Sinai Abt, the artistic director of DocAviv points out to The Report that both “Babylon Dreamers” and “Sashka” reflect the current zeitgeist as well as the main theme of this year’s film festival. “We are calling the festival the ‘New World Disorder’ with an emphasis on films dealing with topics like refugees and terror, but also on the difficult socioeconomic conditions that many people face today,” says Abt, who reviewed more than 1,000 documentaries before selecting the 100 that are being presented.
“I don’t think Sashka realizes how much the plight of his family and his very own destiny have been affected by the immigration of his family to Israel,” Yana Lerner, the director of the film “Sashka,” a coming- of-age documentary about a teenage boy growing up in the development town of Sderot on the Gaza border, tells The Report.
The film shows how Sashka, through his resilient sense of humor and optimism, tries to overcome the tragic circumstances of his family that have led to the death of his father. Despite difficulties at school and home, and the ongoing barrage of Kassam rockets from nearby Gaza, he manages to approach life with a witty, philosophical outlook. As he grows older, he displays a growing maturity in his attitude toward his impending military service. “Sashka” is an intimate film portrait that contrasts Sashka’s soft, captivating nature with the harsh circumstances he faces.
The film was very much a labor of love, says Lerner, 28, who came to know Sashka as part of the Perach (Big Brother) project, where she served as his tutor while studying at Sapir College in Sderot.
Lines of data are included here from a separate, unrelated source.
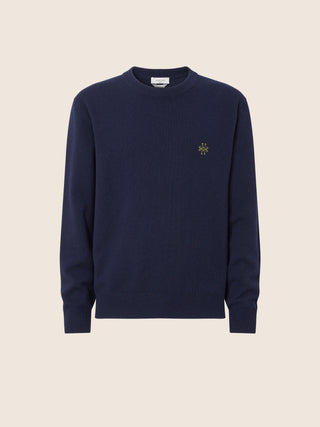 Crewneck Sweater in Midnight Blue Wool and Cashmere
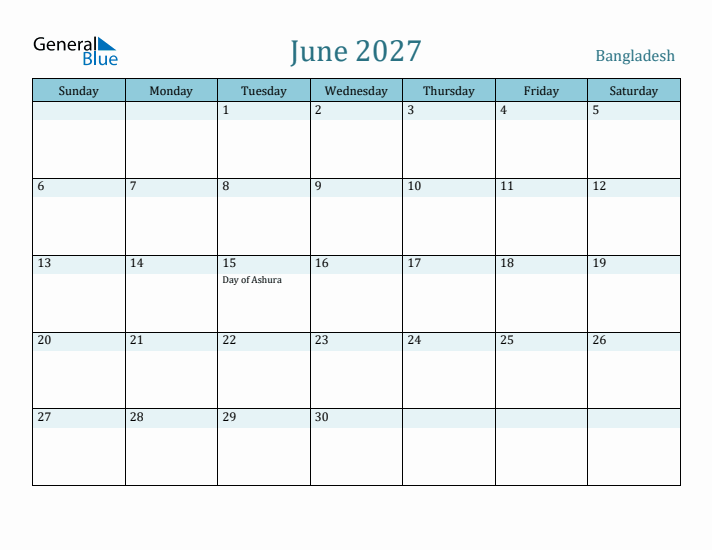 June 2027 Calendar with Holidays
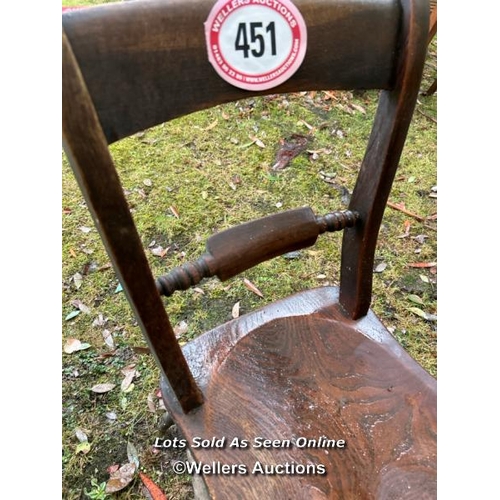 451 - A Victorian beech and elm chair, 85cm (h) x 38cm (w) x 39cm (d)  / Please bring equipment and labour... 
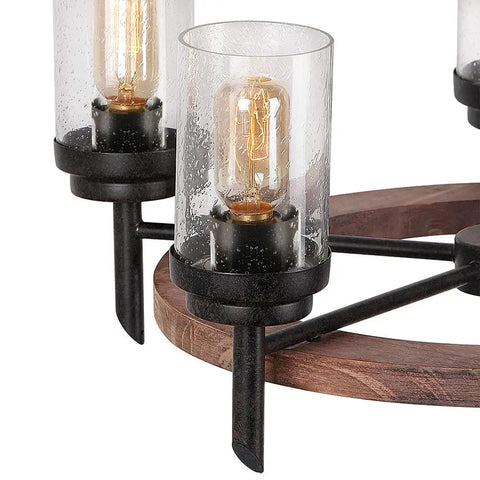Close-up of Wagon Wheel Chandelier Pendant Light with Metal Wood Frame Seeded Glass Shade, Edison Vintage Ceiling Fixture
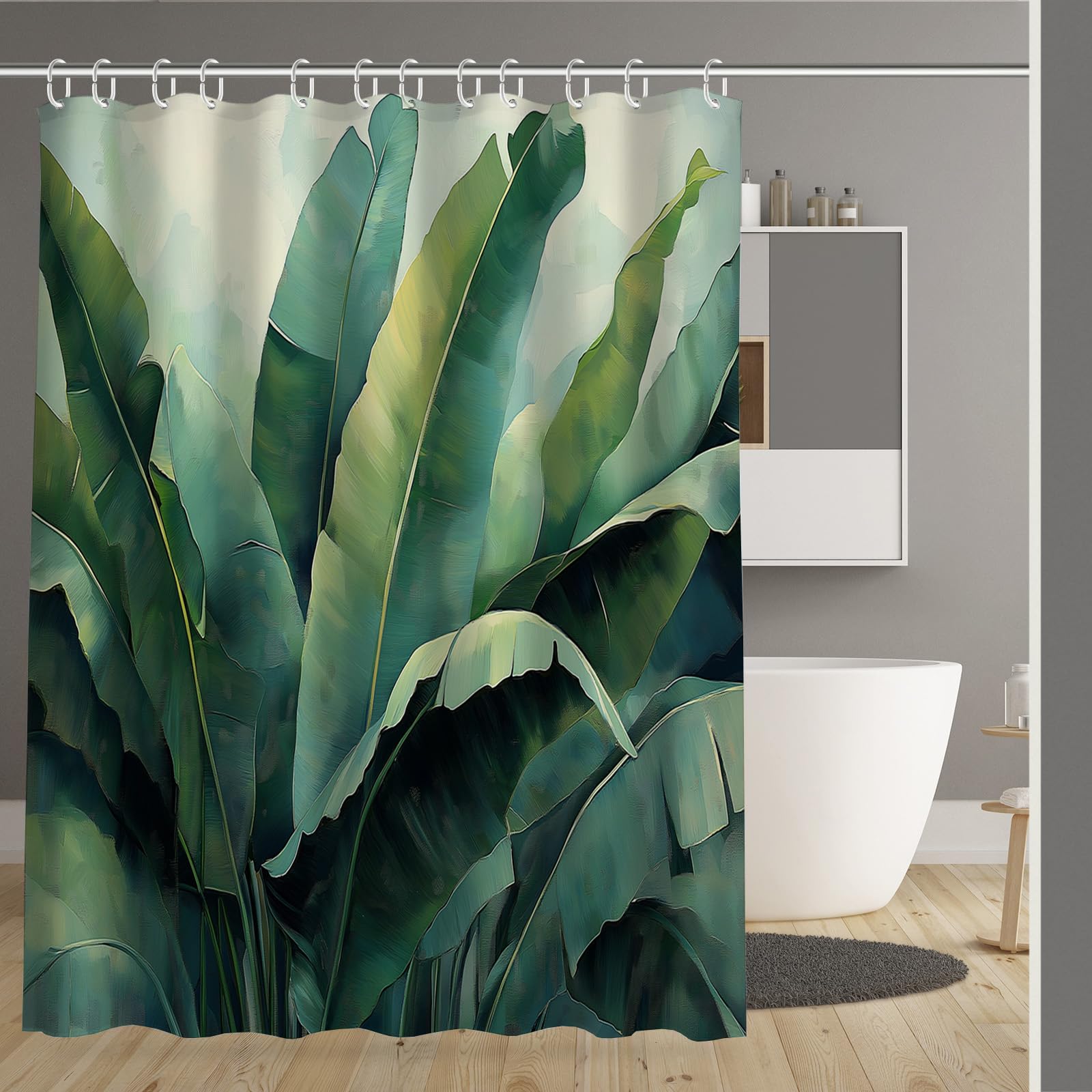 Rideau de douche anti éclaboussures en polyester lavable motif feuilles de jungle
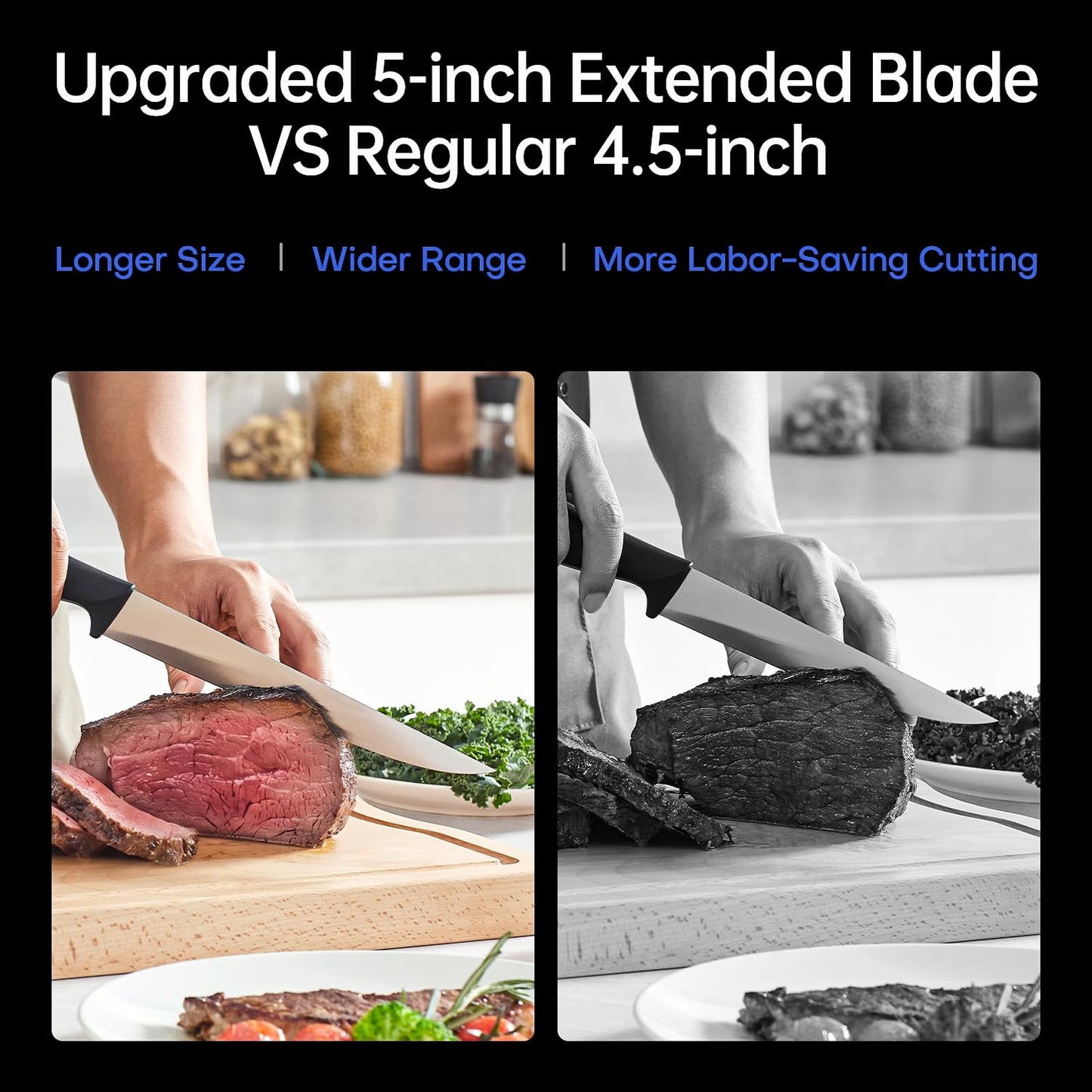 Kuisine Knife Set 15 pieces High Carbon Stainless Steel Professional Kitchen Knife block set with Sharpener Black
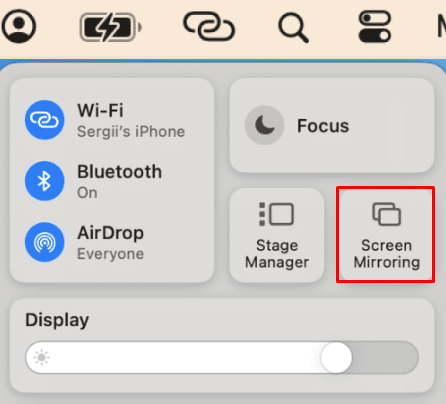 Tap Screen Mirroring on Mac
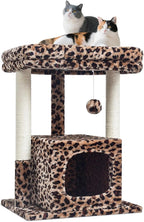 SYANDLVY 27" Cat Tree for Indoor Cats, Activity Tower with Scratching Posts | Modern Kitten Condo with Plush Perch & Hanging Ball for Play, Leopard Print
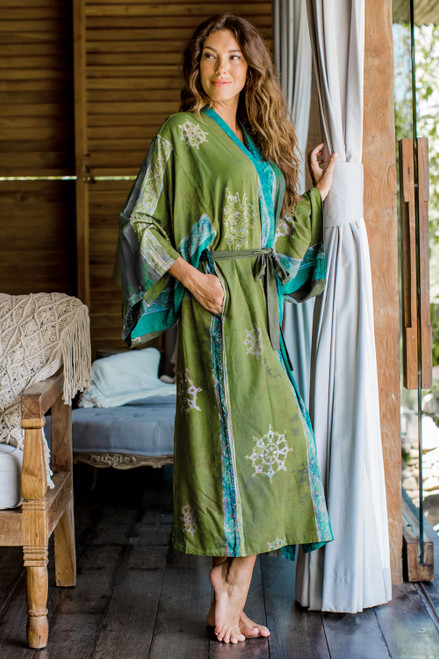 Handmade Batik Women's Robe from Bali in Shades of Green 'Pancaroba'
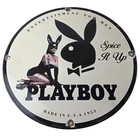 Vintage Playboy Bunny Porcelain Sign - Entertainment for Men Club Show Pin Sign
“There was an immediate click between us when I first met him five years ago,” she recalls, noting that though tutors are normally only allowed to work with children for a single year, she and Sasha both insisted on being able to continue with each other for three. “Maybe they know what they are doing when they normally limit tutors to a single year because the two of us became really connected,” says Lerner.
Lerner, who grew up in Petah Tikva near Tel Aviv, points out that it was through her friendship with Sashka that she was able to cope with the tension that came with living in an area that was constantly under rocket fire launched by militants in the Gaza Strip.
“When I first moved to Sderot from the center of the country, it was very stressful, but when you see it through the eyes of a 12-year-old boy, the reality gains perspective,” she says. Lerner, who was born in Odessa and immigrated to Israel with her family when she was one year old, notes that the Perach program matched her with Sashka so she could speak in Russian to his mother, who knows little Hebrew, even though she immigrated to Israel 17 years ago, a year before Sashka was born.
As Lerner got to know the family and their surroundings, she found herself encountering a world with which she was not very familiar.
“Russian families like my parents tried to create a new reality, to be just like other Israelis and tried to speak Hebrew to each other as soon as possible. However, when I came back home from nursery school speaking a few words of Hebrew, my father didn’t know what I was saying,” she recalls.
“But, in neighborhoods like the one Sashka’s family lives in, people have their own Russian supermarkets where they sell food from Russia, get their hair styled by Russian barbers, watch Russian television and have little to do with what is going on outside,” says Lerner. The experience of making the film, she notes, helped her better understand members of the Sderot Russian immigrant community and made her feel a closer link to them.
“Getting to know Sashka enabled me to get to know someone who has many strengths and who has a lot to say that is worth hearing,” she says. “Similarly, I hope the film will allow people to recognize the potential of people like him, who live on the margins of Israeli society.”
DocAviv is being held in Tel Aviv from May 19-28.